All das ist bereits im Opener ihres vierten Albums, „Irukandji Syndrome“, zu vernehmen, und das im wahrsten Sinn des Wortes eindrucksvoll. Atemloses Storytelling, kranky Funk und Schicksalsschlägeverarbeitungen mit gesunder Energieladung, hört mal das bereits vorab veröffentlichte „Bloodsport“. Flippiger Song und collageartiger Musikclip inklusive Tapas-Ringkampf erinnern frappierend an die Talking Heads. Da winken New sowie No Wave und postpunkige Weltmusiken. Aber Obacht, Tropical Fuck Storm bleiben anarchischer, unberechenbarer, stampfender, die großartig graufunkelnde „Goon Show“, die Trottelparade, geht weiter und ist wirklich nicht nur niedlich und kleinstädtisch: „It’s a golden age of assholes and the triumph of disgrace“. Abgelöst vom eher balladesken „Stepping on a Rake“, das ein wenig Trost verspricht, selbst wenn der Rechen im Garten im Weg liegt. „Charity begins at home“, heißt es auf „Joe Meek Will Inherit The Earth“ und rutschen dann sympathisch fast ab in Michael Franks-Soulfunkjazz. Situationen, Stimmungen und Rollen wechseln hier ständig, höre den fast neunminütigen Titelsong. Uffz. Australien ist denn doch ein giftiger Kontinent. Womit wir wieder am Anfang angelangt wären. Kreislauf, Schwindel, Spirale.

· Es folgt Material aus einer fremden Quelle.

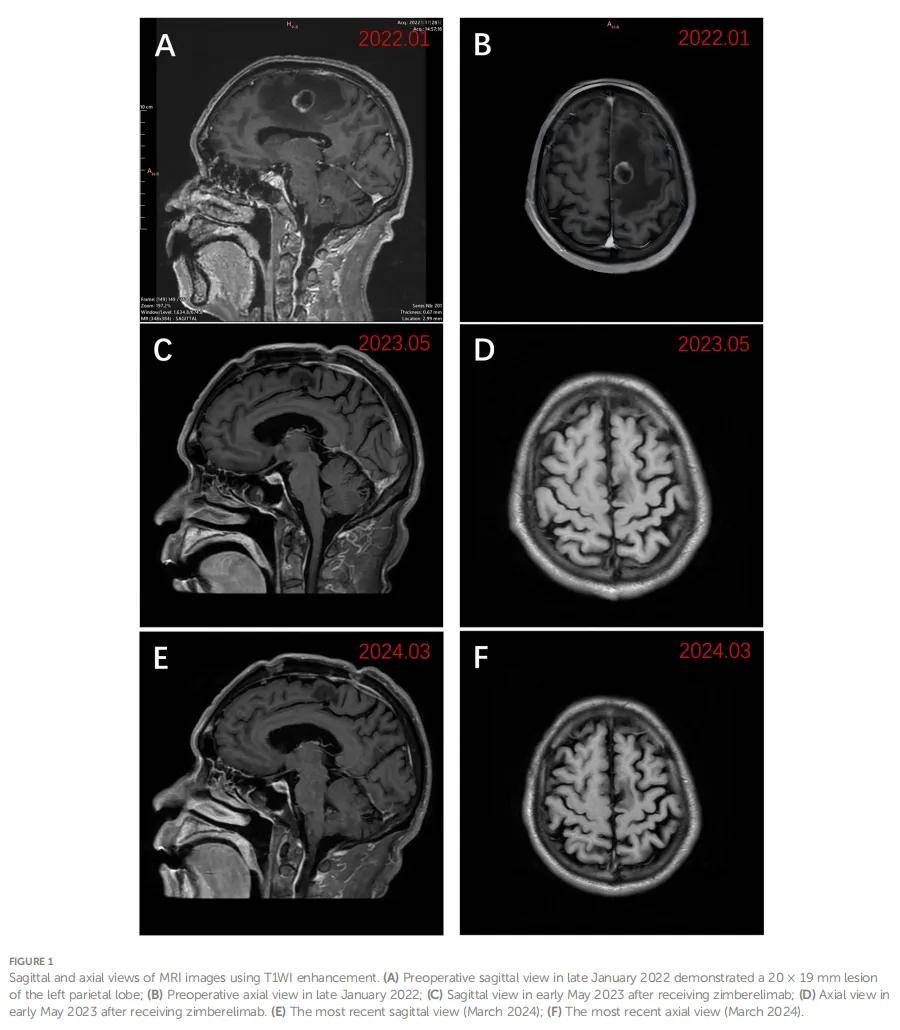 pd-l1高表达非小细胞肺癌脑转移患者获益赛帕利单抗,颅内无复发生存期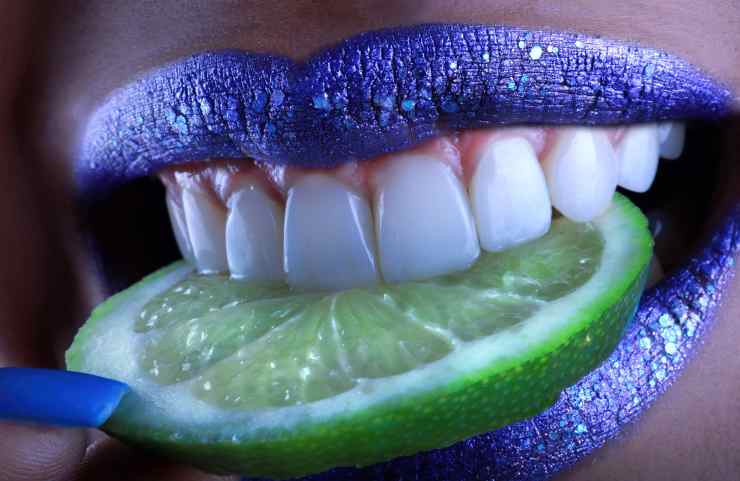 Denti bianchi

Ich mochte die wilden Kerle aus dem berühmten Bilderbuch, ihre Androgynität, ja eigentlich Geschlechtslosigkeit, ihre gruselige Putzigkeit und putzige Gruseligkeit und die sie begleitenden imaginierten ebenso wilden Weiber (im englischen Original sind es „Things“) schon immer. Wenn wir alle nur ein klein bisschen Max inmitten der wilden Dinger sind, dann hören wir Tropical Fuck Storm zu unseren plüschigen, mitunter creepy, slushy Phantasien. Da bin ich mir sicher. Der Band-Freund Joe Becker tut mit dem Cover-Artwork sein Übriges dazu.

Egal, ob erwachsen oder nicht, Endlichkeit akzeptieren und die große Liebe als das Wichtigste vollziehen, das ist das tropischfickstürmische Credo des Hier und Jetzt. Ich liebe sie. Und wenn das denn dann Grown Up bedeutet, lasse ich mir das gerne mit Mitte 50 gefallen (sehr passend siehe Thomas‘ berührenden aktuellen Artikel zu Growing Up und Down und „Pulp im Hospital“).